In contrast to all that, many investors prefer to focus on companies like NiSource (NYSE:NI), which has not only revenues, but also profits. Now this is not to say that the company presents the best investment opportunity around, but profitability is a key component to success in business.

See our latest analysis for NiSource

How Fast Is NiSource Growing?

If a company can keep growing earnings per share (EPS) long enough, its share price should eventually follow. That means EPS growth is considered a real positive by most successful long-term investors. NiSource's shareholders have have plenty to be happy about as their annual EPS growth for the last 3 years was 44%. That sort of growth rarely ever lasts long, but it is well worth paying attention to when it happens.

It's often helpful to take a look at earnings before interest and tax (EBIT) margins, as well as revenue growth, to get another take on the quality of the company's growth. It's noted that NiSource's revenue from operations was lower than its revenue in the last twelve months, so that could distort our analysis of its margins. NiSource's EBIT margins have actually improved by 5.8 percentage points in the last year, to reach 27%, but, on the flip side, revenue was down 10%. That falls short of ideal.

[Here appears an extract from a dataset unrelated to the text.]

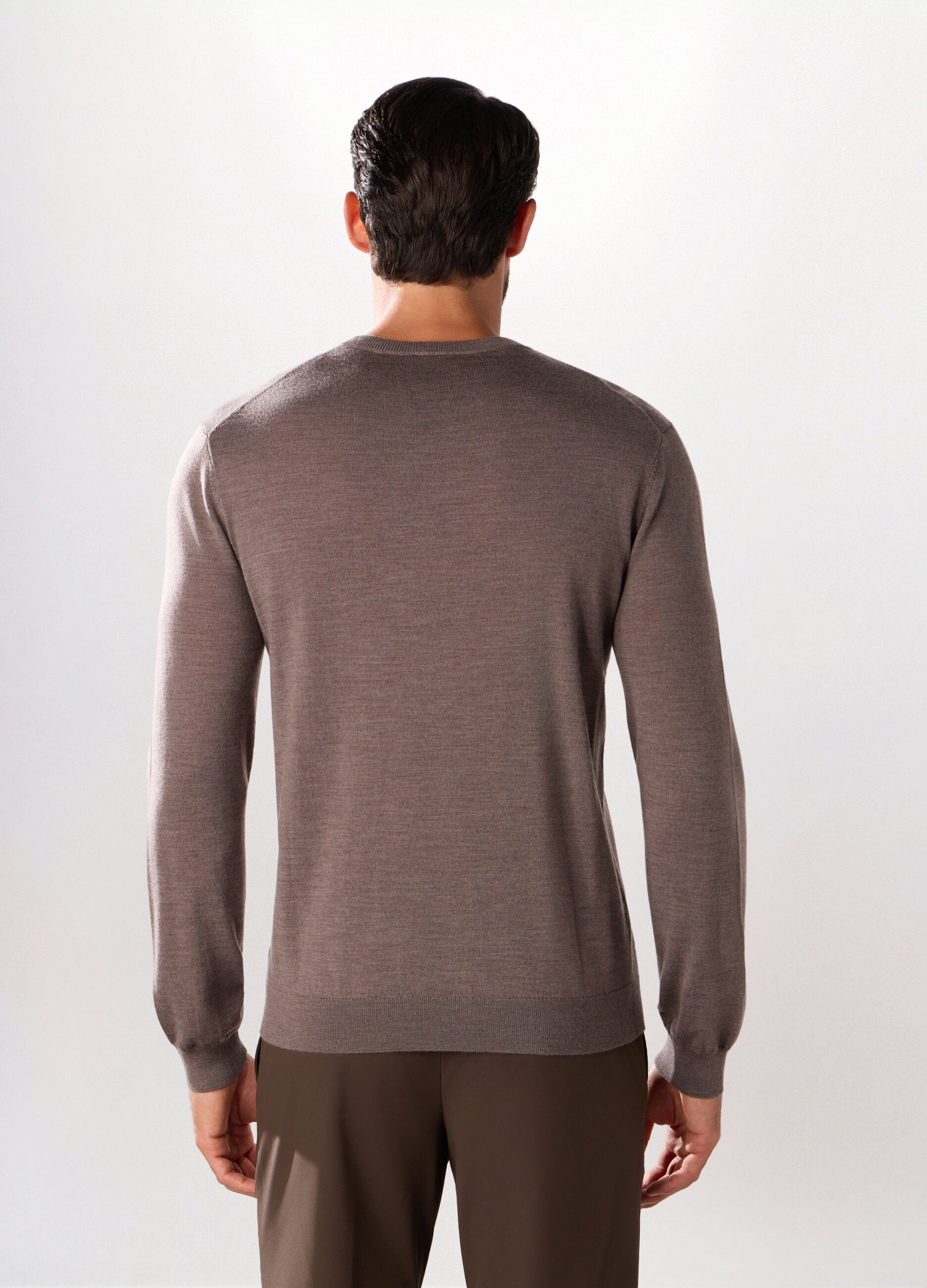 Maglione girocollo in lana merino uomo_2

You can take a look at the company's revenue and earnings growth trend, in the chart below. Click on the chart to see the exact numbers.

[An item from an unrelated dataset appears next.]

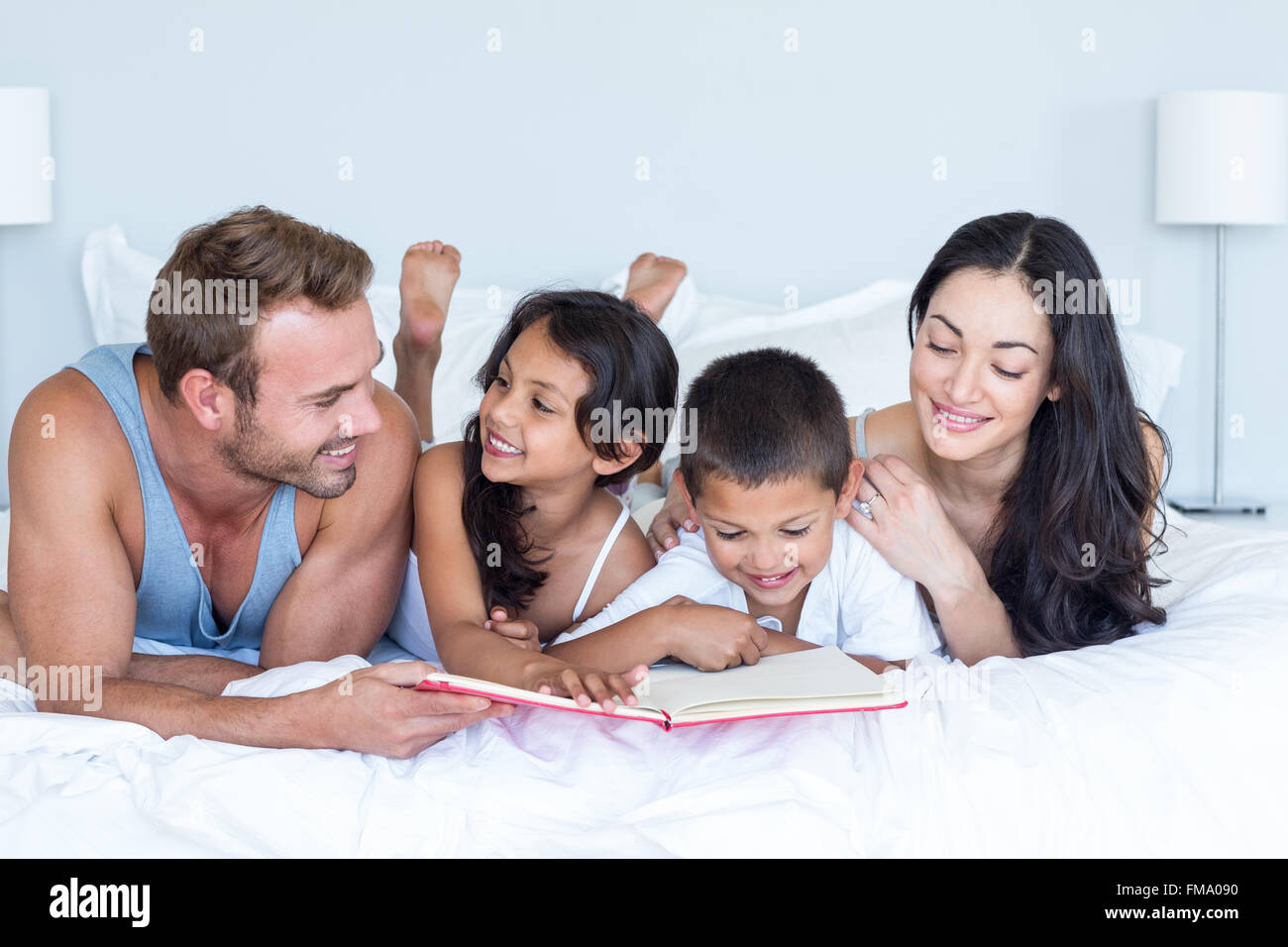 Famille heureuse dans leur chambre à coucher Banque D'Images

earnings-and-revenue-history
NYSE:NI Earnings and Revenue History September 12th 2024

You don't drive with your eyes on the rear-view mirror, so you might be more interested in this free report showing analyst forecasts for NiSource's future profits.

Are NiSource Insiders Aligned With All Shareholders?

Owing to the size of NiSource, we wouldn't expect insiders to hold a significant proportion of the company. But we are reassured by the fact they have invested in the company. Indeed, they hold US$46m worth of its stock. That's a lot of money, and no small incentive to work hard. Even though that's only about 0.3% of the company, it's enough money to indicate alignment between the leaders of the business and ordinary shareholders.

While it's always good to see some strong conviction in the company from insiders through heavy investment, it's also important for shareholders to ask if management compensation policies are reasonable. A brief analysis of the CEO compensation suggests they are. Our analysis has discovered that the median total compensation for the CEOs of companies like NiSource, with market caps over US$8.0b, is about US$13m.

NiSource offered total compensation worth US$9.2m to its CEO in the year to December 2023. That is actually below the median for CEO's of similarly sized companies. CEO compensation is hardly the most important aspect of a company to consider, but when it's reasonable, that gives a little more confidence that leadership are looking out for shareholder interests. Generally, arguments can be made that reasonable pay levels attest to good decision-making.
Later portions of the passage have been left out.